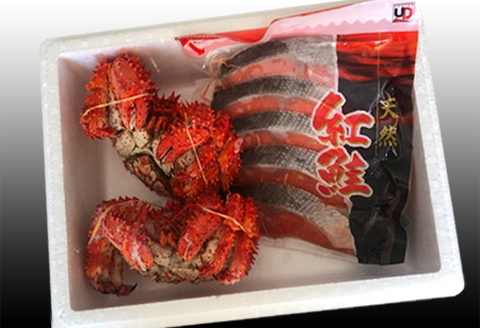 花咲かに2尾・甘塩紅鮭5切×1Pセット A-30026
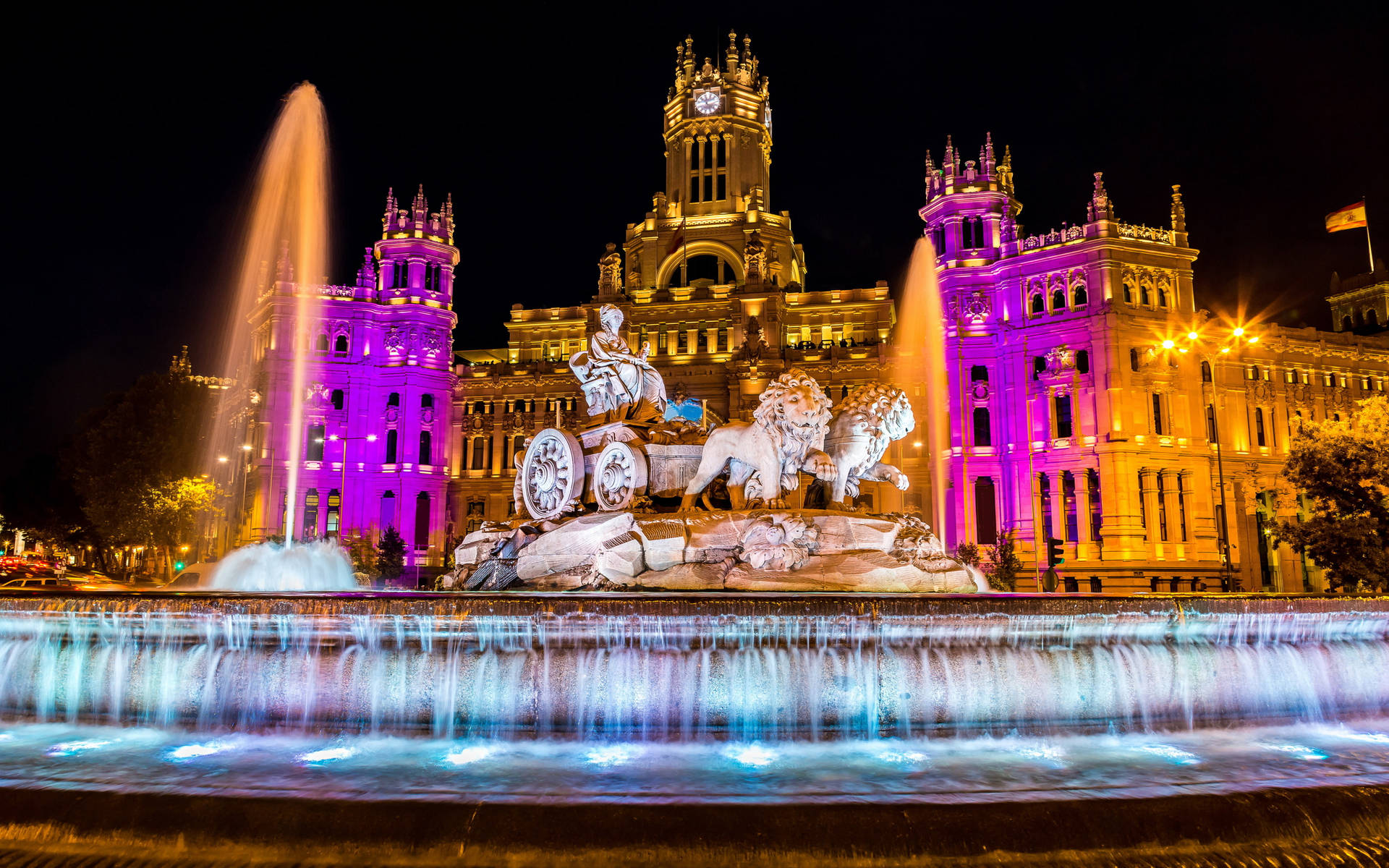 Spain Cibeles Fountain Night Wallpaper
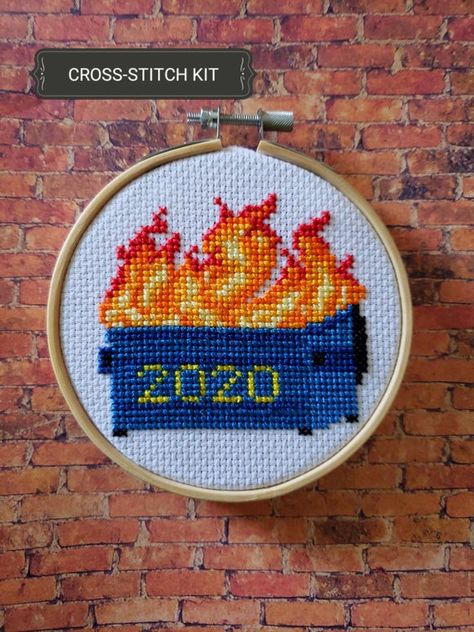 Dumpster Fire 2020 DiY Beginner Cross Stitch Kit Blue | Etsy Beginner Cross Stitch, Diy Beginner, Unique Cross Stitch, Dumpster Fire, Framed Cross Stitch, Dmc Embroidery Floss, Completed Cross Stitch, Stitch Art, Diy Craft Kits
----------------
### [Directions]
Images should not appear in the copy; retype the listing above exactly.

### [Completed exercise]
 花咲かに2尾・甘塩紅鮭5切×1Pセット A-30026
 Spain Cibeles Fountain Night Wallpaper
 Dumpster Fire 2020 DiY Beginner Cross Stitch Kit Blue | Etsy Beginner Cross Stitch, Diy Beginner, Unique Cross Stitch, Dumpster Fire, Framed Cross Stitch, Dmc Embroidery Floss, Completed Cross Stitch, Stitch Art, Diy Craft Kits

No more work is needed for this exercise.